Beavertail is the “perfect place” to sell trail guides, said Chairwoman Maureen Coleman. “It’s a great idea.”

She commended Smayda for zeroing in on the guide’s target audience.

“I had one other map-related thought,” she added, which she is borrowing from a work experience creating an app. The process was no more complicated than using Google Maps, she said, and suggested the commissioners could “pretty easily” come up with an application showing points of conservation interest around the island.

“It wouldn’t look like the map we have,” she said, “but it might supplement it.”

For example, visitors could use the app to locate parking for the conservation properties, and the app could also include the Jamestown rights-of-way. At the very least, she said, the app would inform people where to begin exploring conservation land and trails in Jamestown.

In other business, Coleman alerted the commissioners about developments in the state General Assembly, which may change the rules about wetlands setbacks. The legislators may establish a uniformed statewide standard to simplify the permitting process for developers and foster economic growth. Currently, the state requires minimum 50-foot setbacks from wetlands, but the local communities can require longer setbacks. Jamestown’s setback, for example, is 150 feet.

However, the state could decide to make a 50-foot setback the maximum in every Rhode Island community, Coleman said. If that happens, Jamestown’s wetlands would be adversely affected.

Coleman also reported she has received numerous telephone complaints about people “trampling” the dunes at Mackerel Cove Town Beach.

Earlier, the commissioners decided not to plant grasses on the dunes this summer and wait instead until the fall. But now, the panel might also want to plant some signs by the dunes and alert people not to walk on them.

“We used to have signs,” Coleman said. “Ideally, we want fencing.”
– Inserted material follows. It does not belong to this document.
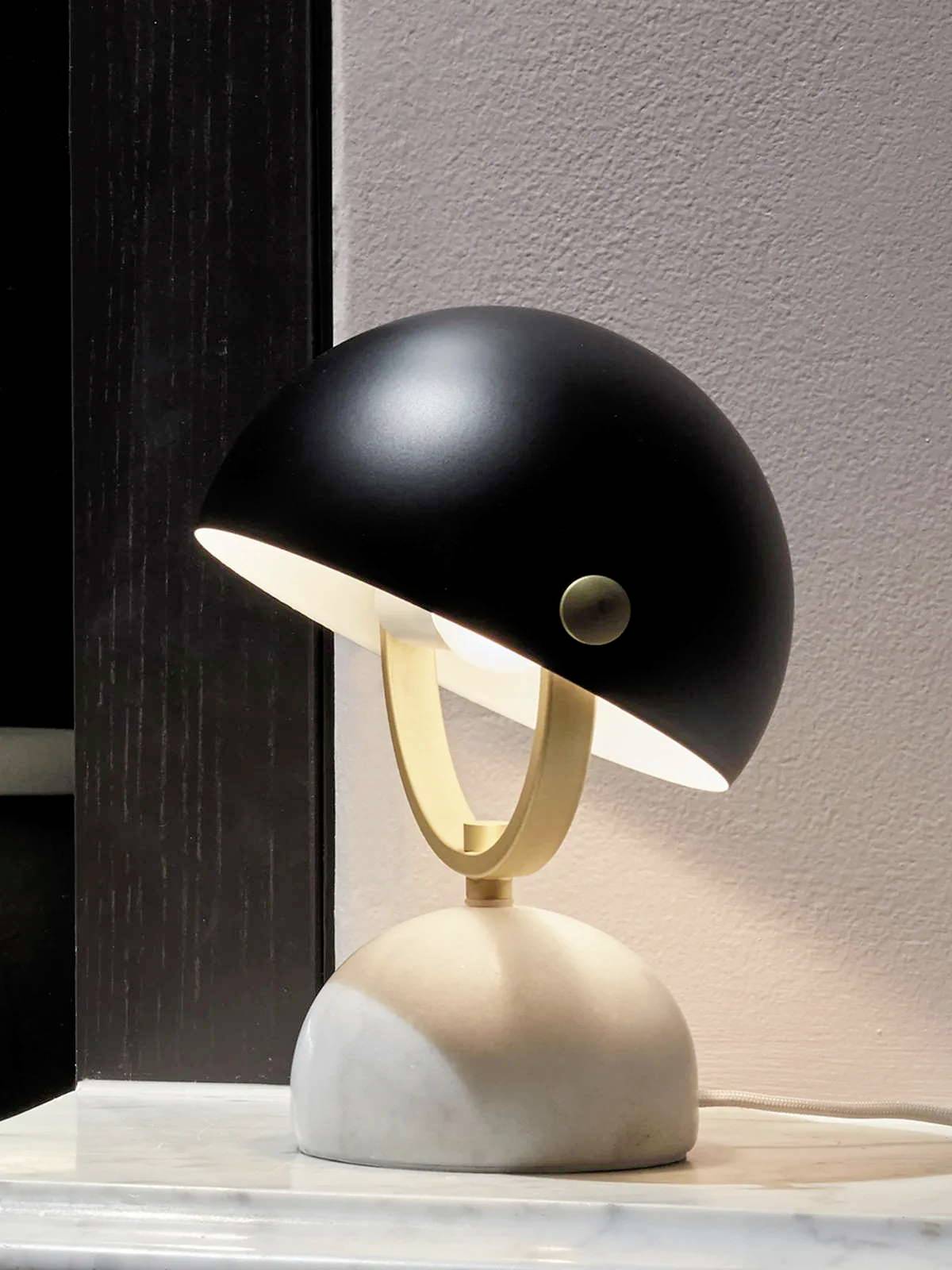 Moderná stolná lampa s čiernym tienidlom a mramorovanou základňou jemne osvetľuje priestor, pričom stojí na stole.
The problem with fencing is that it would require approval from the Coastal Resources Management Council.

Also on the agenda, the town is still in the process of ordering signs to identify the Jamestown Shores tax lots, she reported.
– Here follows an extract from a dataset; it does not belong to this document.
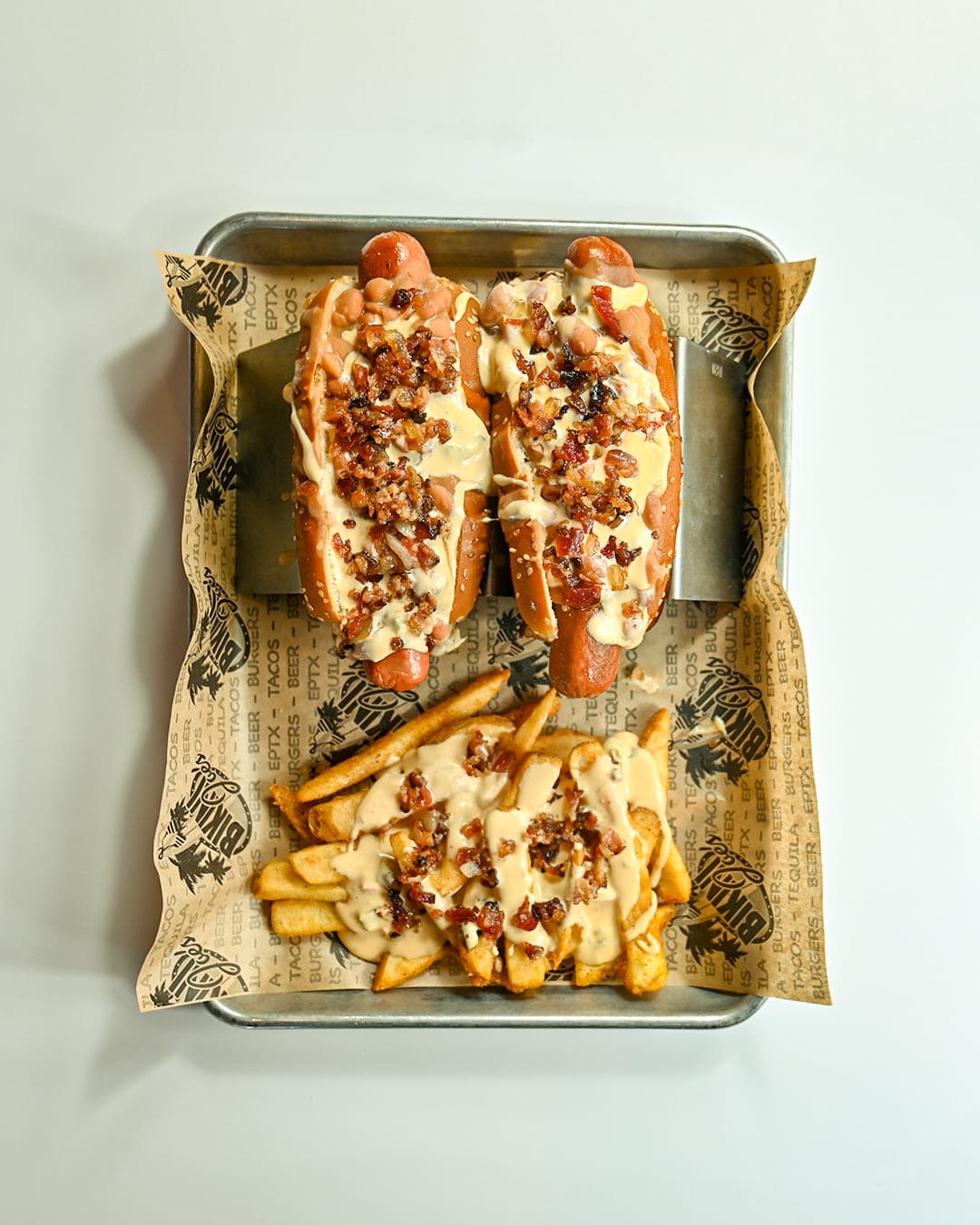Bacon-wrapped hot dogs with loaded fries at Cabo Joe's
“The town needs to place the order,” Coleman said.

The town also need to manage the logistics of posting the signs, but she anticipates the delay will not be too long.
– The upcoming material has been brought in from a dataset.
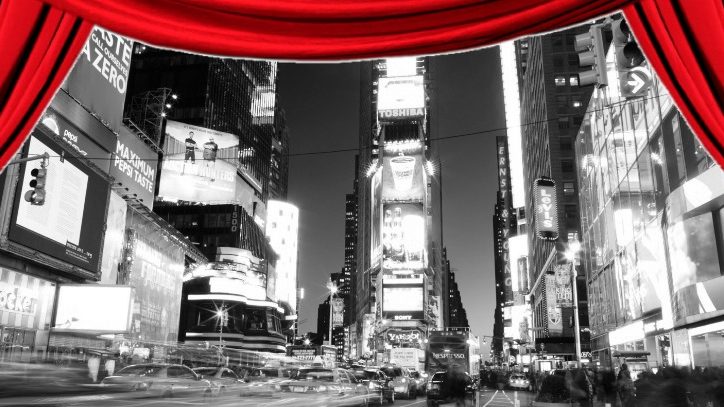 A red curtain revealing Times Square in black and white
Tax lots, which are largely wetlands and unbuildable, have been placed under an easement to the Conanicut Island Land Trust. The goal is to protect the water supply in the Shores. The town still owns the lots, however, and the Conservation Commission has assumed some oversight responsibilities. Recently, the commissioners sent a letter to abutters to explain why the tax lots were being protected.

“There are two properties that had encroachments,” Coleman said. In one case, someone was seen cutting illegally on the tax lot. No action has been taken yet, she said, but the town will have to resolve the problems.

Commissioner George Souza, who is the liaison to the Harbor Commission, advised the panel about conservation issues related to the proposed Conanicut Marine expansion.

“There is a small patch of eelgrass to the south,” he said, right next to the expansion area.

Souza said the harbor commissioners and marina owner Bill Munger discussed the situation at their June meeting and were aware of the environmental issues.

“It was really good how sensitive everyone was,” he said.

Finally, the commissioners brainstormed topics for a new monthly column they will write for the Jamestown Press. Coleman said the newspaper editor has suggested focusing on topics that are timely, interesting and relevant. The commissioners narrowed the topics for the August column down to a choice between the Round Marsh restoration and the status of the Mackerel Cove barrier beach dunes.